Data for the task:
-*-*-

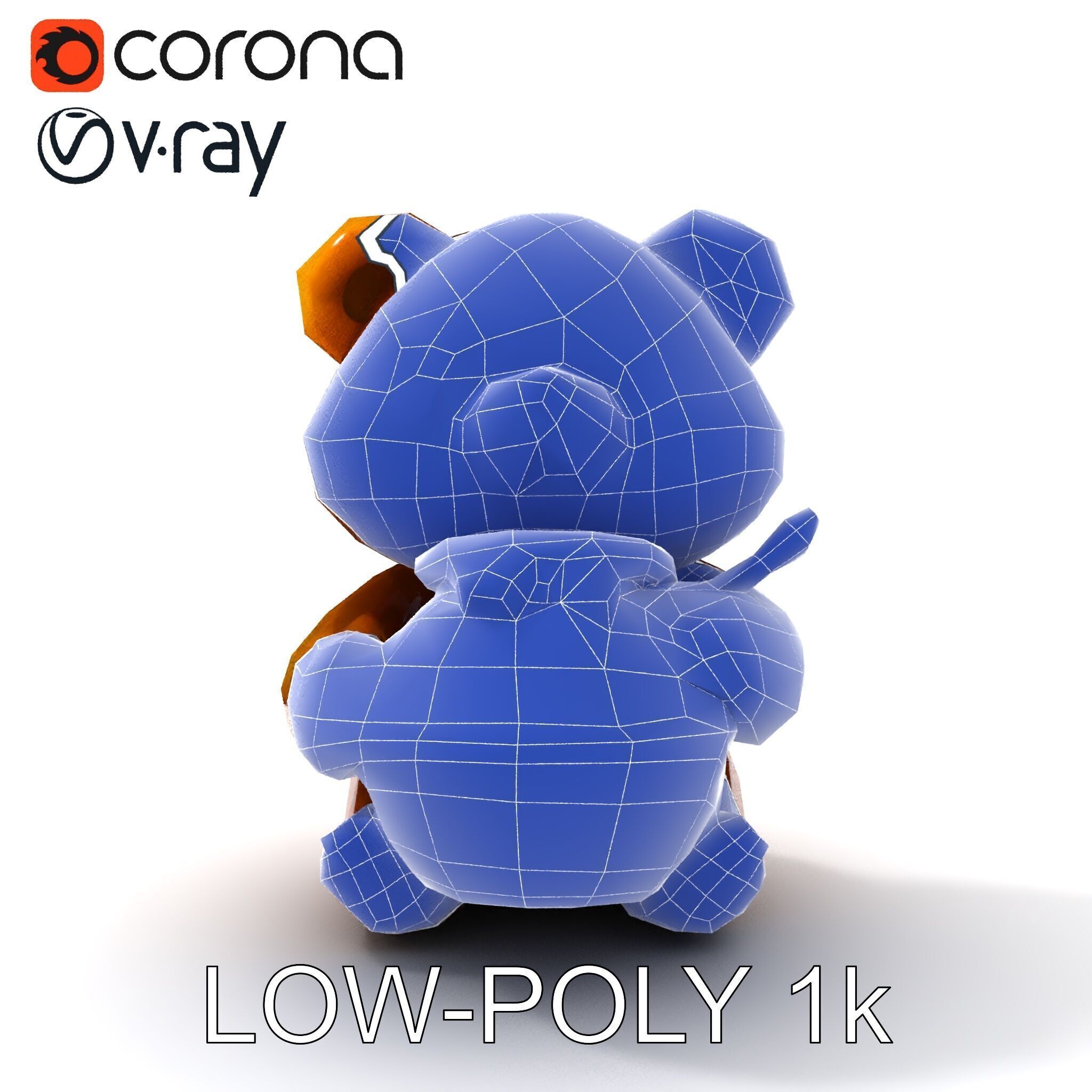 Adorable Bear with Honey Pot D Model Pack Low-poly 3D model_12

-*-*-

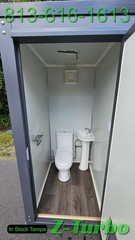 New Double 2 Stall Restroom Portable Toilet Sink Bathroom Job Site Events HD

-*-*-

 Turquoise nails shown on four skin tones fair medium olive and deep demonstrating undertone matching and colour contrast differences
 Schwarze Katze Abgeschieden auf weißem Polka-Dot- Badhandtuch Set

-*-*-

Which lines above run from the one containing "Turquoise nails shown" to the one containing "Schwarze Katze Abgeschieden"? Give them again exactly, both ends included.

 Turquoise nails shown on four skin tones fair medium olive and deep demonstrating undertone matching and colour contrast differences
 Schwarze Katze Abgeschieden auf weißem Polka-Dot- Badhandtuch Set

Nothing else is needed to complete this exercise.